▶ _WORK ITEM_: Write out the stretch of lines below that begins at the line with "Carbon Criminals, Climate Crimes" and ends at the line with "A New Way: Embracing", including both, exactly as given and nothing more.
** EXTRACTED DATA follows **
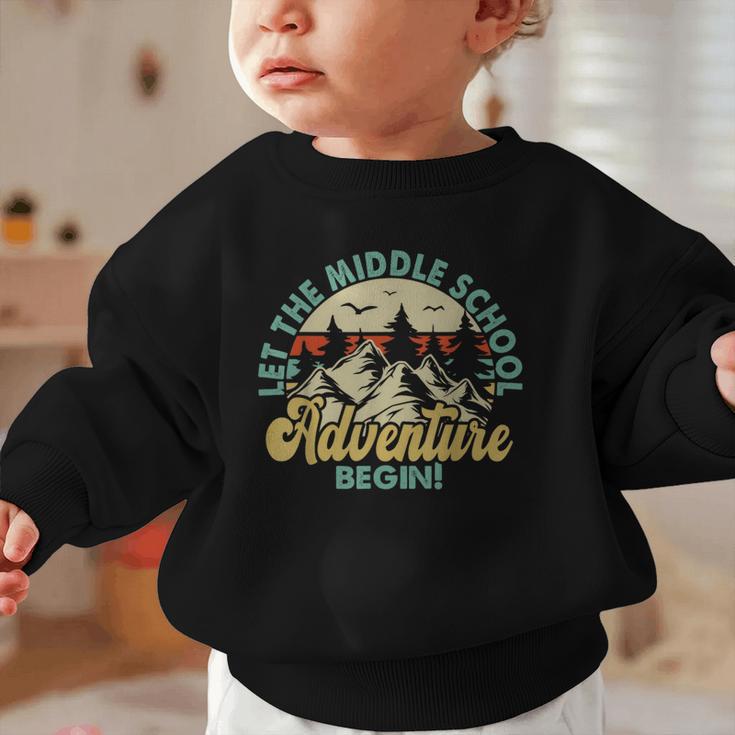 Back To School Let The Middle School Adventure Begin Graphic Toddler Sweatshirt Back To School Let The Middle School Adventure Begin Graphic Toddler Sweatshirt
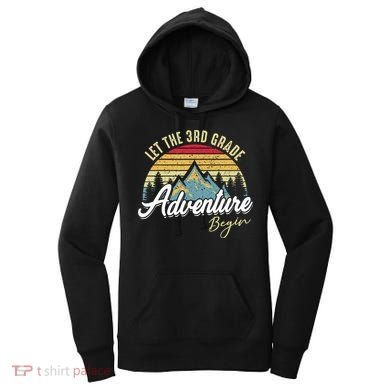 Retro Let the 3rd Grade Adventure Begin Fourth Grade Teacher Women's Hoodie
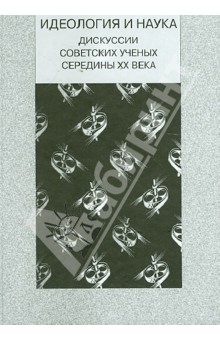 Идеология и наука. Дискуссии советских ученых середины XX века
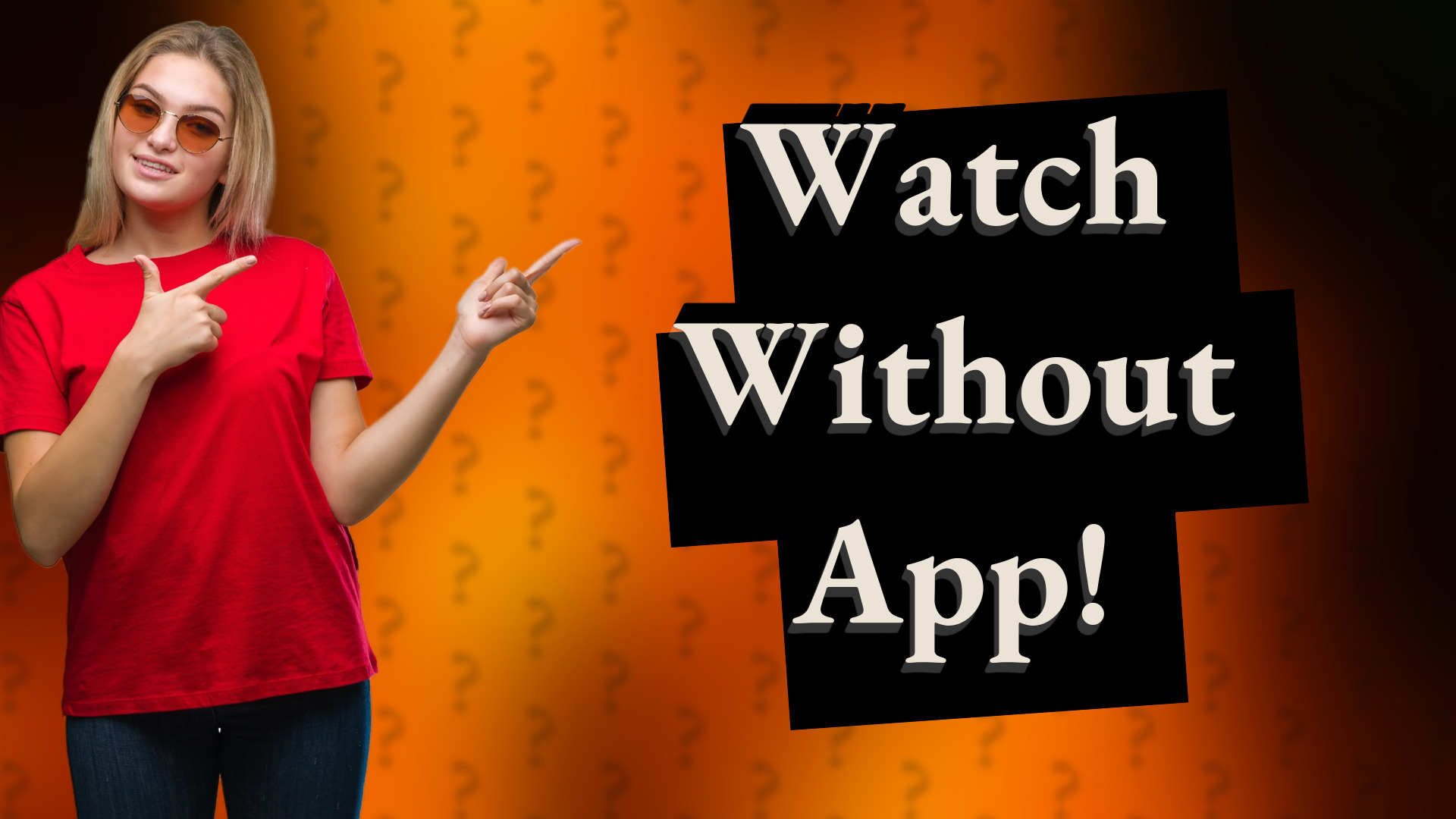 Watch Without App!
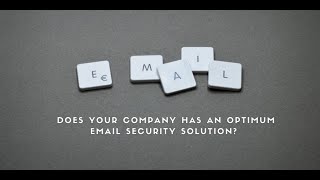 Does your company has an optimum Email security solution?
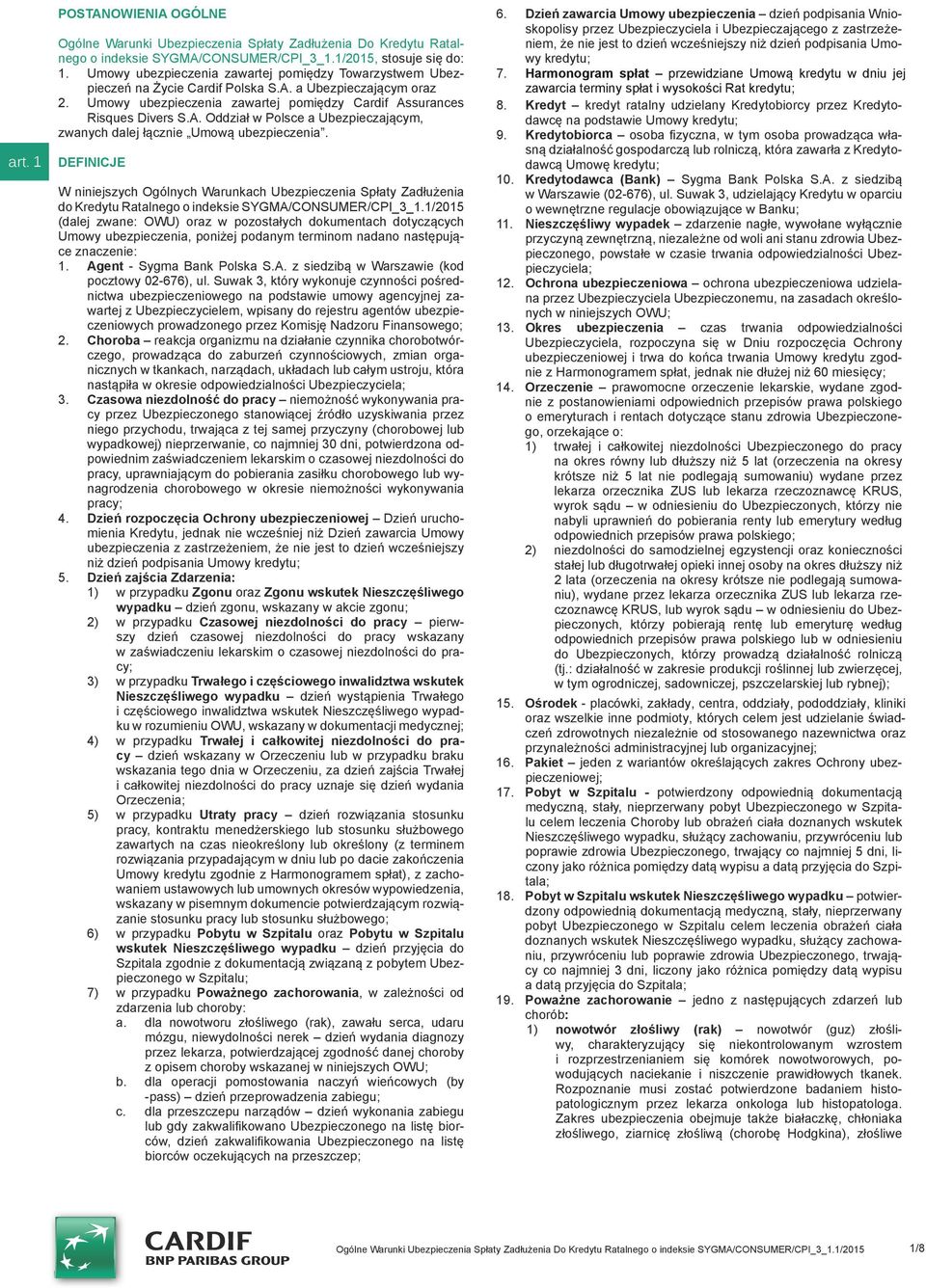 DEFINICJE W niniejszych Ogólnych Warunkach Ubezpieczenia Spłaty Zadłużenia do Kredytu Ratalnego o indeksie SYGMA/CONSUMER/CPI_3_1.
** End of EXTRACTED DATA **
** EXTRACTED DATA follows **
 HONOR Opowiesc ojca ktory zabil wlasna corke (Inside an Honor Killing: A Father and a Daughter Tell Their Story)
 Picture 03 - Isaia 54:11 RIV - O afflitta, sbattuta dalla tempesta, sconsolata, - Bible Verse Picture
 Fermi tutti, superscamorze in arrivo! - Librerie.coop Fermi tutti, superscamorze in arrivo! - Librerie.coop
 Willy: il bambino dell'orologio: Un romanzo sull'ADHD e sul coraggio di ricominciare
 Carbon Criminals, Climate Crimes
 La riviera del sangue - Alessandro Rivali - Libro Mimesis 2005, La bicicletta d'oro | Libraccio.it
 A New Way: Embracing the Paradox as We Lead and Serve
** End of EXTRACTED DATA **
▶ _ANSWER TO THIS PROBLEM_:
 Carbon Criminals, Climate Crimes
 La riviera del sangue - Alessandro Rivali - Libro Mimesis 2005, La bicicletta d'oro | Libraccio.it
 A New Way: Embracing the Paradox as We Lead and Serve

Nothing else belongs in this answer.